Natural Language Processing Seminar 2015–2016

12 October 2015

Vincent Ng (University of Texas at Dallas)

Beyond OntoNotes Coreference  The talk delivered in English.

Recent years have seen considerable progress on the notoriously difficult task of coreference resolution owing in part to the availability of coreference-annotated corpora such as MUC, ACE, and OntoNotes. Coreference, however, is more than MUC/ACE/OntoNotes coreference: it encompasses many interesting cases of anaphora that are not covered in the extensively investigated MUC/ACE/OntoNotes entity coreference task. This talk examined several comparatively less-studied coreference tasks that were arguably no less challenging than the MUC/ACE/OntoNotes entity coreference task, including the Winograd Schema Challenge, zero anaphora resolution, and event coreference resolution.

26 October 2015

Wojciech Jaworski (University of Warsaw)

Syntactic-semantic parser for Polish  The talk delivered in Polish.
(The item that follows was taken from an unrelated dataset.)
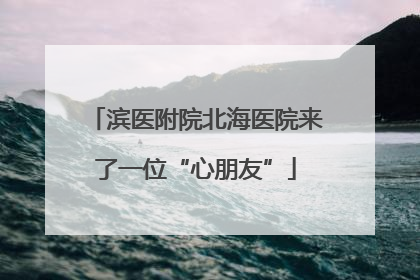 滨医附院北海医院来了一位“心朋友”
The author presented the parser being developed within CLARIN-PL project, its morphological pre-processing, a categorial grammar of Polish integrated with valency dictionary and used by the parser and the semantic graph formalism used for meaning representation. He also discussed algorithms used by the parser and optimization strategies, both related to performance and concise representation of ambiguous syntactic and semantic parsing trees.

16 November 2015

Izabela Gatkowska (Jagiellonian University in Kraków)

The Empirical Network of Lexical Links  The talk delivered in Polish.

The empirical network of lexical links is the result of an experiment using a human associative mechanism – the person who is the subject of the research says the test first word that comes to his mind after understanding the stimulus word. The study was conducted in a cyclical manner, i.e. response words obtained in the first cycle were used as stimuli in the second cycle, which enabled the creation of a semantic network, which differs from the network created with the bodies of a text, for example, WORTSCHATZ and a network constructed by hand, for example. WordNet. The empirically obtained words, which are derived from those words in the network, have a direction and power connections. The set of incoming and outgoing connections, in which is found a specific expression, creates a lexical node network (subnet). The manner in which the network characterizes meaning, is shown in the example of feedback connections which are a specific example of the dependencies which appear between two words, appearing in the lexical node. A qualitative analysis of the semantic lexical relations known in linguistics, and employed for example in the WordNet dictionary, permit an interpretation of only approximately 25% of linkage feedback. The remaining links may be interpreted by referring to the model of the description of the significance as proposed in the FrameNet dictionary. A qualitative interpretation of all the links found in the lexical node may permit a study of the comparative lexical network nodes experimentally constructed for different natural languages, and may also allow, a separation of empirical semantic models employed by the same set of links found between nodes in a given network.

30 November 2015

Dora Montagna (Universidad Autónoma de Madrid)

Semantic representation of a polysemous verb in Spanish  The talk delivered in English.

The author presented a theoretical model of representation of meaning, based on Pustejovsky's theory of the Generative Lexicon. The proposal is intended as a base for automatic disambiguation, but also as a new model of lexicographic description. The model will be applied to a highly productive verb in Spanish, assuming the hypothesis of verbal underspecification in order to establish patterns of semantic behaviors.

7 December 2015

Łukasz Kobyliński (Institute of Computer Science, Polish Academy of Sciences), Witold Kieraś (University of Warsaw)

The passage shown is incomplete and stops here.